Files
sand-boxer/docs/runbooks/profile-sandbox-canary.md
tegwick c0a9261cdc Implement SAND-WP-0008: host telemetry and self-canary
Add profile.sandbox-canary, HostSnapshot/inventory/stale schemas, SSH
collectors, before/after provision deltas, telemetry export to State Hub
and local JSON, default `sandboxer create` self-deploy, inspect/reap-stale
CLI, runbook, and CoulombCore verification (26 tests pass).
2026-06-23 19:53:51 +02:00

1.7 KiB

Runbook: profile.sandbox-canary

Self-deploy sand-boxer to verify host health and return telemetry.

Quick start

export SANDBOXER_HOST=coulombcore
export SANDBOXER_COMPOSE_CMD=podman-compose   # CoulombCore

sandboxer create          # no args — canary self-deploy + IntrospectionReport

What you get on ready

SandboxStatus.telemetry contains:

  • provision_delta — host load/memory/container counts before vs after
  • inventory — sandbox dirs and compose projects on host
  • stale_candidates — orphans and aged sandboxes (dry-run recommendations)

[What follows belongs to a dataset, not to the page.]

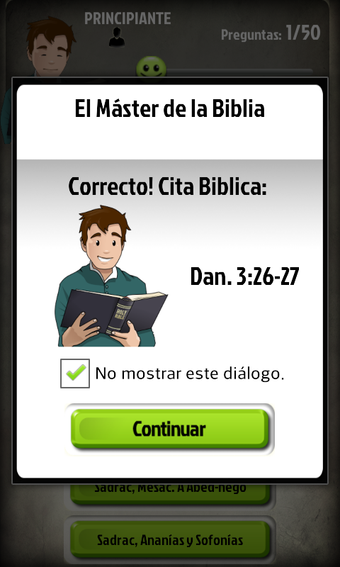Imagen 1 para El Master de la Biblia Tr…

Human summary prints to stderr:

Telemetry: load Δ +0.12, mem avail Δ -48 MB, stale candidates: 0

Artifacts: ~/.local/share/sandboxer/telemetry/<sandbox_id>.json

Inspect without creating

sandboxer inspect host
sandboxer inspect stale --older-than 24
sandboxer reap-stale --dry-run
sandboxer reap-stale --apply --older-than 48   # destructive — review dry-run first

Destroy

sandboxer destroy <sandbox_id>

Destroy telemetry includes destroy_delta (load recovery after teardown).

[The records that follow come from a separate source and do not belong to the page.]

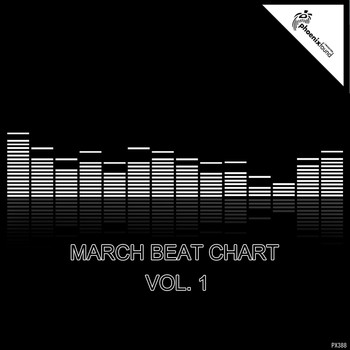 Various Artists - March Beat Chart, Vol. 1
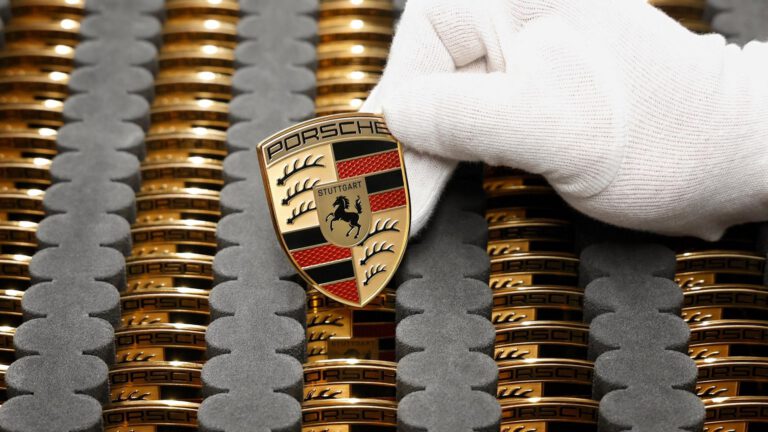 Porsche Shuts Three Subsidiaries, Cuts Over 500 Jobs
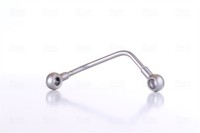 ÖLleitung Lader Nissens 935058 FüR Opel Corsa X03 Meriva X01 Carbonstahl Tigra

Verification checklist (SAND-WP-0008-T10)

  1. sandboxer createready + telemetry.provision_delta
  2. sandboxer inspect host → metrics consistent with create report
  3. Fake stale dir: ssh host 'mkdir -p /tmp/sandboxer/fake99' → appears in inspect stale
  4. sandboxer destroydestroy_delta shows load/mem recovery

Optimization notes (activity-core follow-up)

  • Schedule periodic sandboxer create canary on sandboxer01
  • Reap policy: --older-than 24 with human-approved --apply
  • Disk pressure alerts when disk_root_avail_gb < threshold